Beyond 22% power conversion efficiency in type-II MoSi2As4/MoGe2N4 photovoltaic vdW heterostructure

Abstract

Nowadays, substantial progress has been achieved in developing advanced solar cell materials, including high-performance two-dimensional (2D) materials like chalcogenides, perovskites, and oxides, along with their van der Waals (vdW) heterostructures. These efforts target enhanced photovoltaic efficiency, cost reduction, and reduced environmental impact. Despite this, challenges remain in improving light absorption, carrier mobility, and power conversion efficiency (PCE), highlighting the need for materials with enhanced optoelectronic properties. Here, we build a 2D MoSi₂As₄/MoGe₂N₄ vdW heterostructure with a 3.39 Å layer spacing, featuring an indirect band gap of 1.14 eV and type-II band alignment. Computational assessments demonstrate that photo-generated electrons efficiently transfer from the MoSi₂As₄ to the MoGe₂N₄ layer, while holes move in the opposite direction, reducing electron–hole recombination. The heterostructure exhibits excellent stability and optical absorption, with absorption coefficients up to 10⁵ cm⁻¹ across an extensive spectral range from visible to ultraviolet light.
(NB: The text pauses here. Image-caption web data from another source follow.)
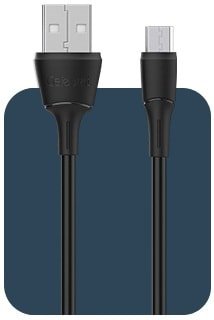 

Кабель Celebrat FLY-2 Micro USB (1 м, черный)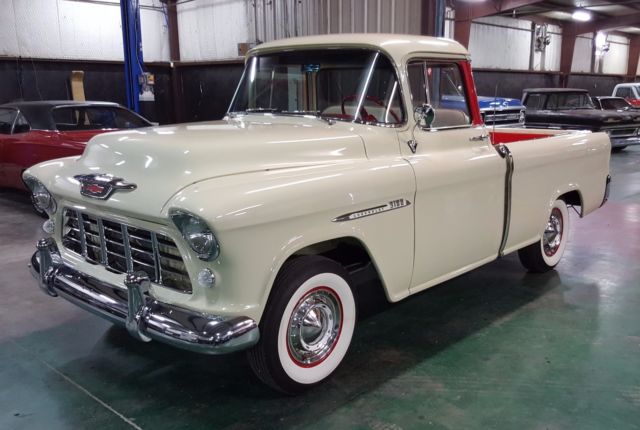 1955 Chevrolet Other Pickups Frame-Off Restoration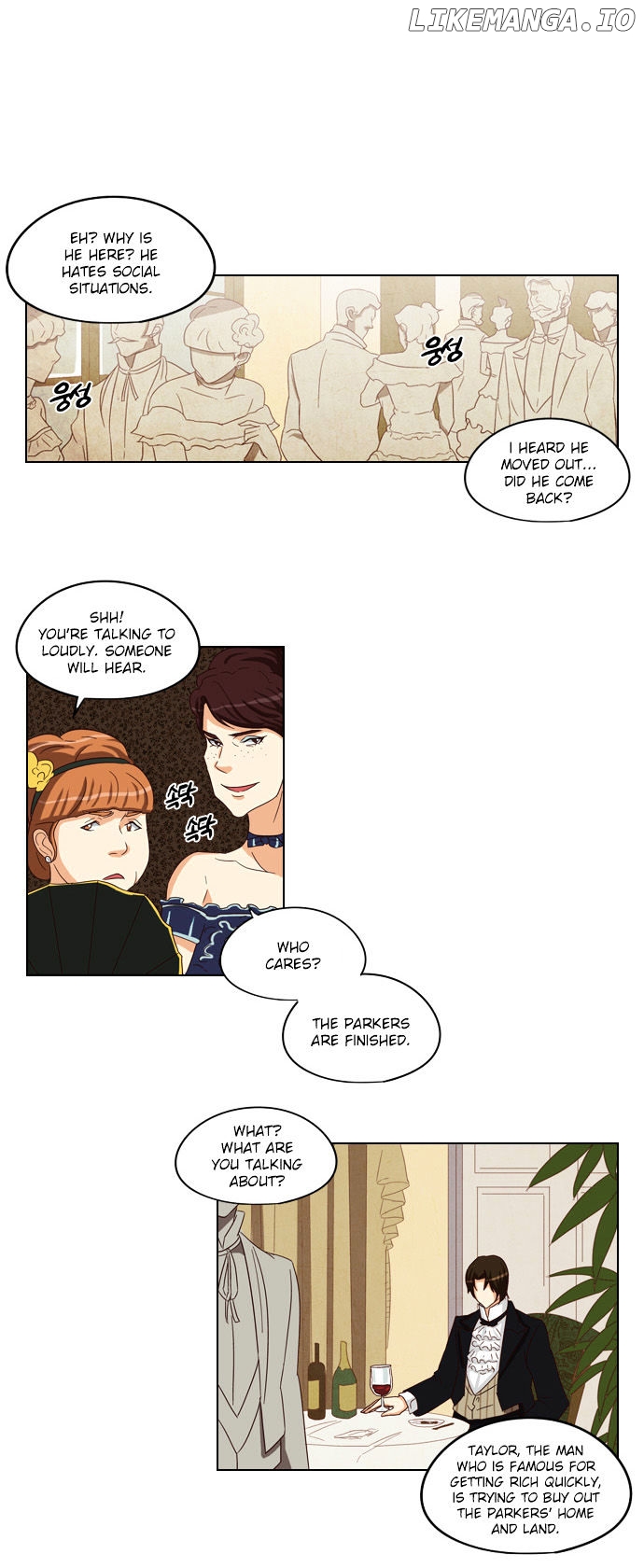 Serendipity – Manga chapter 27 - page 8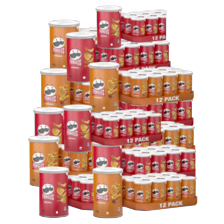 Pringles original of paprika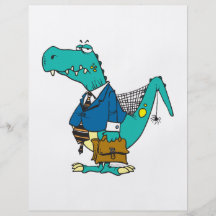 personagem de desenho animado velho engraçado do d modelo de panfleto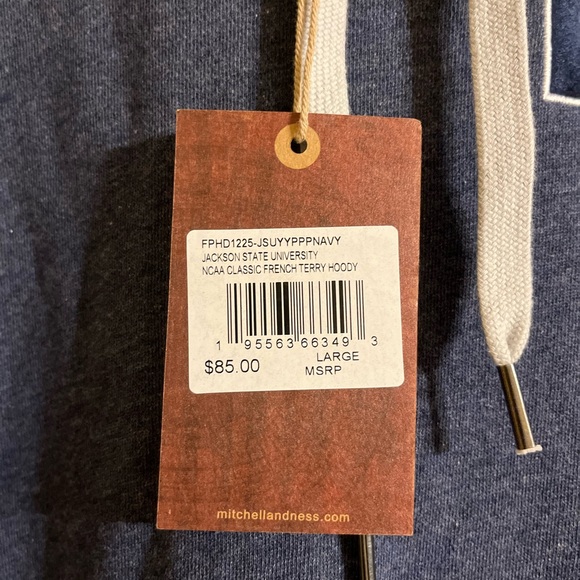 New Jackson State University Hoodie - Picture 4 of 4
Furthermore, it also showcases an impressive electron mobility of 9065 cm² V⁻¹ s⁻¹ and a minimal conduction band offset of 0.05 eV, both of which contribute to an enhanced PCE, reaching up to 22.09%. These results position the MoSi₂As₄/MoGe₂N₄ heterostructure as a promising candidate for solar cell applications due to its superior optoelectronic properties.